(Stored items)

....

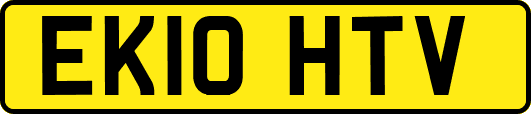 EK10HTV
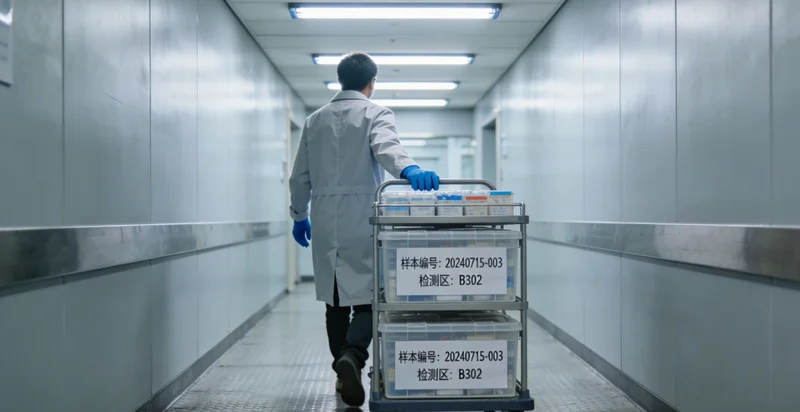 四子王旗肠镜筛查与早期干预示意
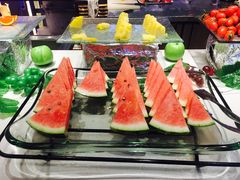-台北A+A七喜饭店(德增街店)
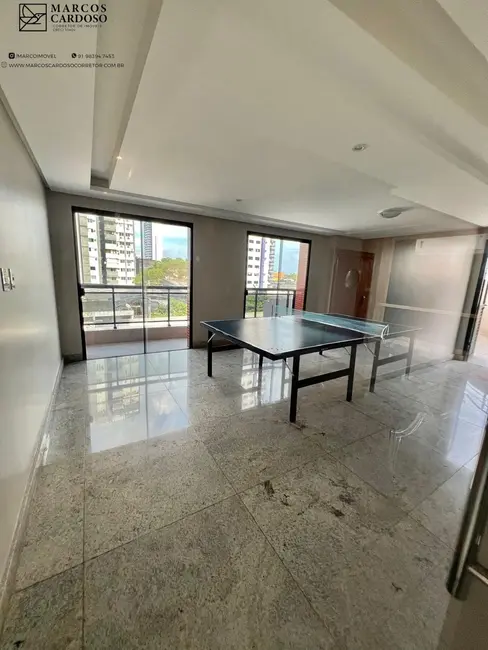 Foto 7 de Apartamento com 3 quartos à venda, 110m2 em Batista Campos, Belem - PA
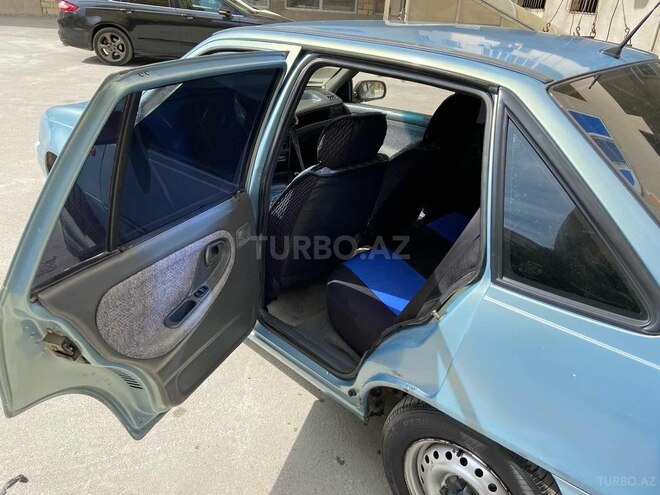 Daewoo Nexia 2006, 248,000 km - 1.5 l - Sumqayıt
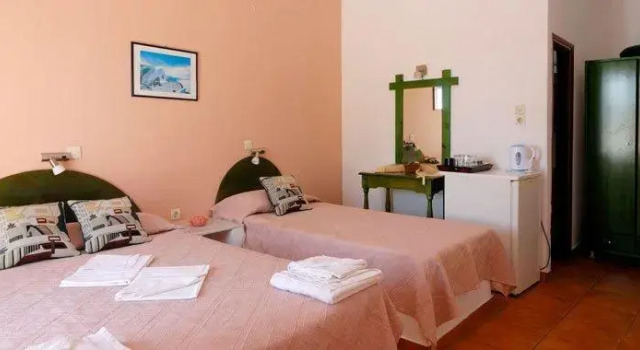 Marias Place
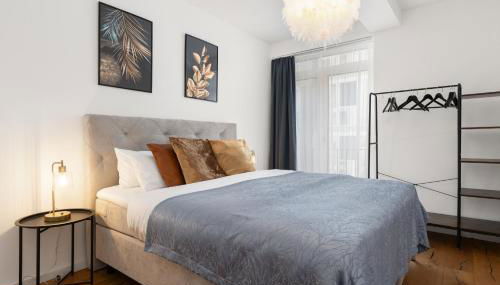 Maracoon - Loft Apartments Essen City Center - Foto 3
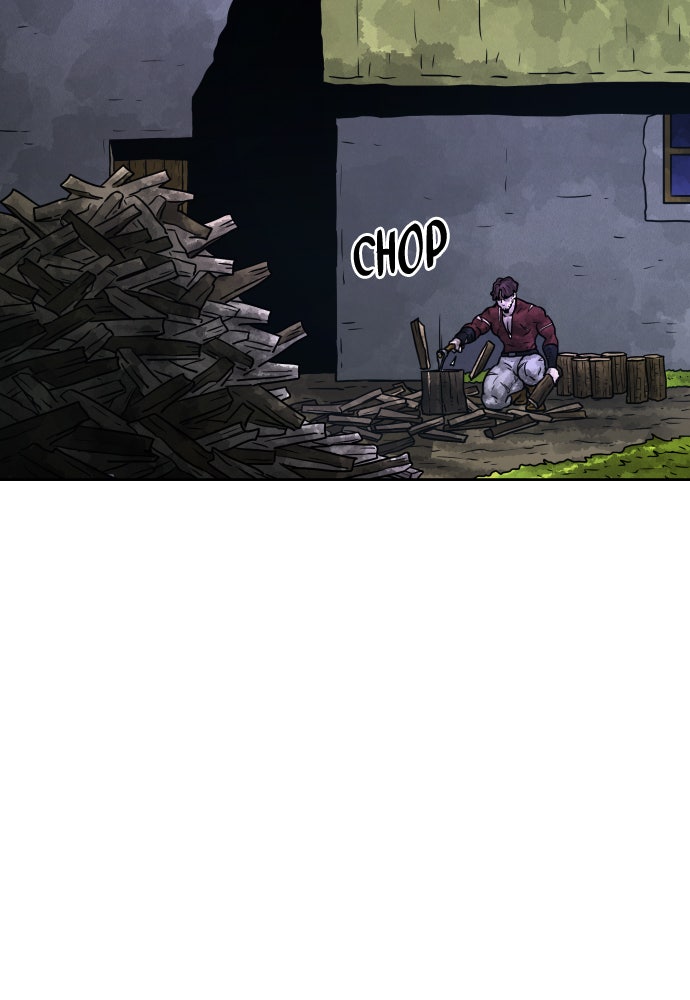 Warrior Executioner Chapter 12 - Page 152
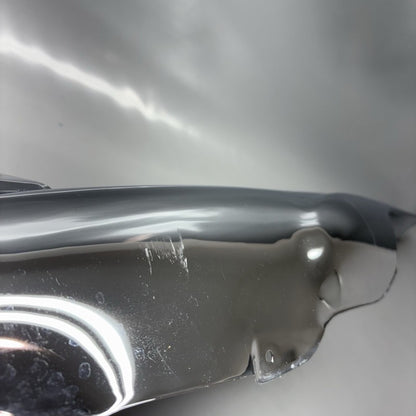 7685286 BMW K 1200LT EXHAUST HEAT SHIELD COVER 2005 2006 2007 2008 OEM 7685286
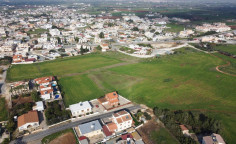 For sale, land, Larnaca, Xylofagou, 4,586m&sup2;, &euro;40,000 , Larnaca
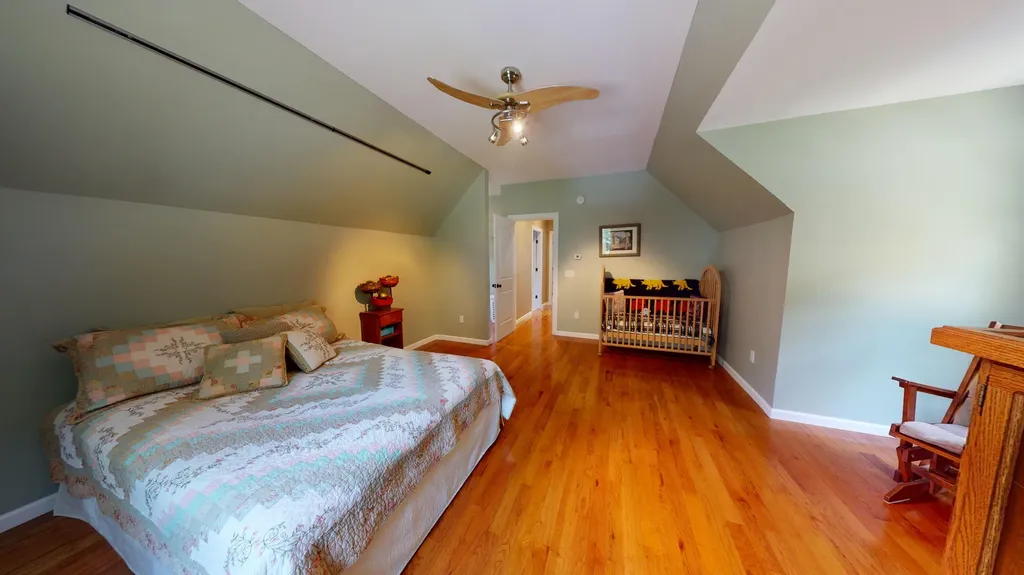 112 Pease Hill Road Monmouth ME 04259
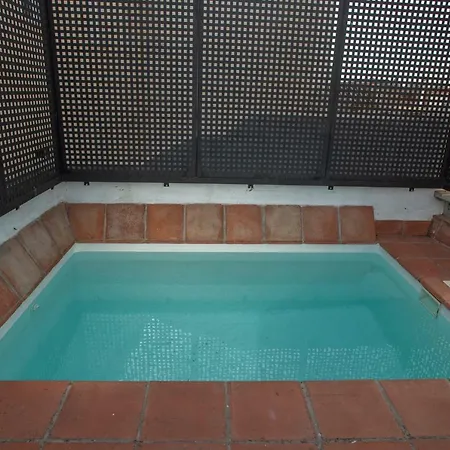 Casas De - Casa Sevillana Harinas26 Vakantiehuis Sevilla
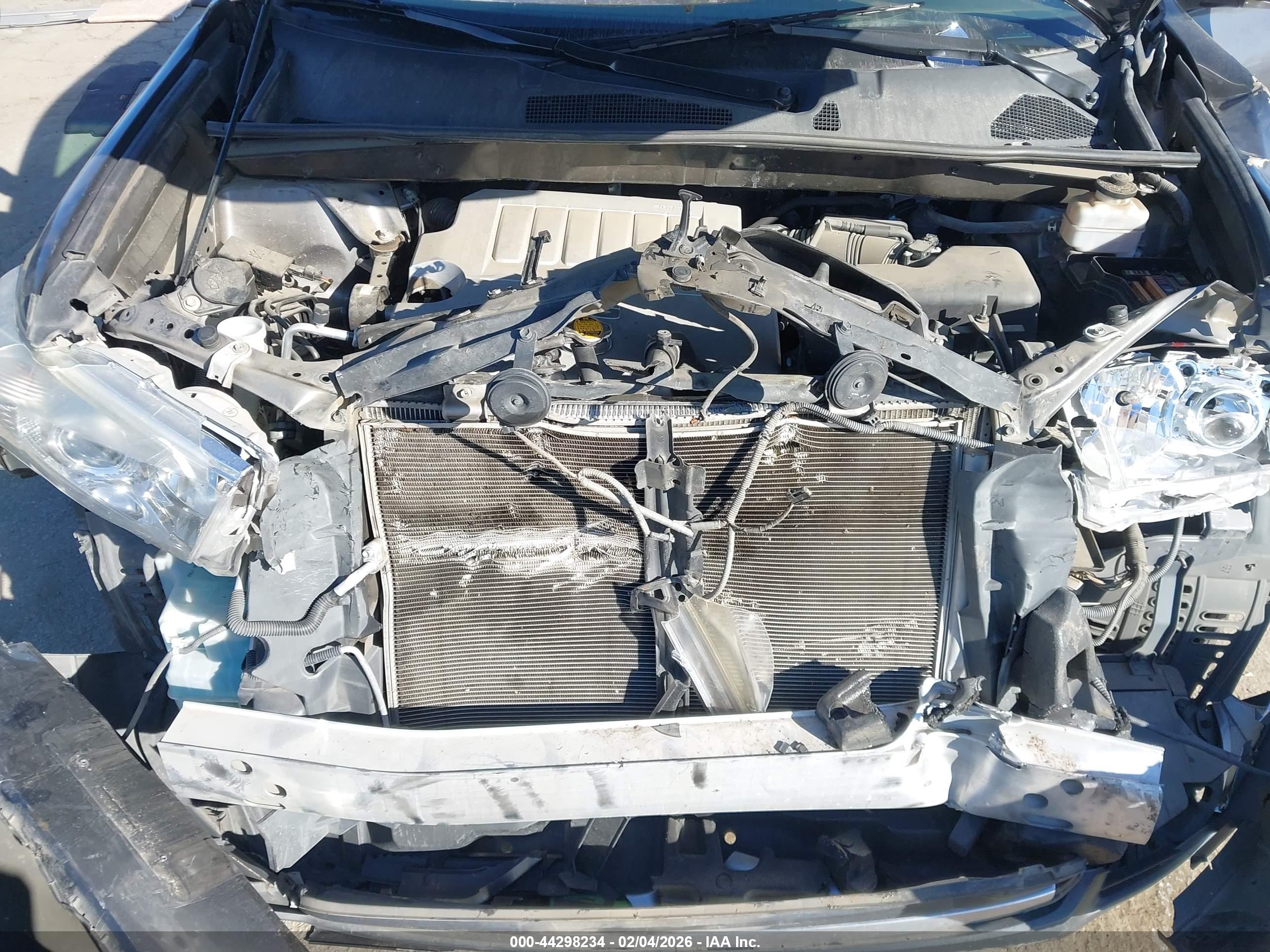 TOYOTA HIGHLANDER image 10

....

(DESCRIPTION OF THE TASK)
Only the lines from the one containing "Daewoo Nexia 2006, 248,000" through the last line of the entries above belong in the copy; reproduce them exactly and drop every picture.

(OUTPUT FOR THIS EXERCISE)
 Daewoo Nexia 2006, 248,000 km - 1.5 l - Sumqayıt
 Marias Place
 Maracoon - Loft Apartments Essen City Center - Foto 3
 Warrior Executioner Chapter 12 - Page 152
 7685286 BMW K 1200LT EXHAUST HEAT SHIELD COVER 2005 2006 2007 2008 OEM 7685286
 For sale, land, Larnaca, Xylofagou, 4,586m&sup2;, &euro;40,000 , Larnaca
 112 Pease Hill Road Monmouth ME 04259
 Casas De - Casa Sevillana Harinas26 Vakantiehuis Sevilla
 TOYOTA HIGHLANDER image 10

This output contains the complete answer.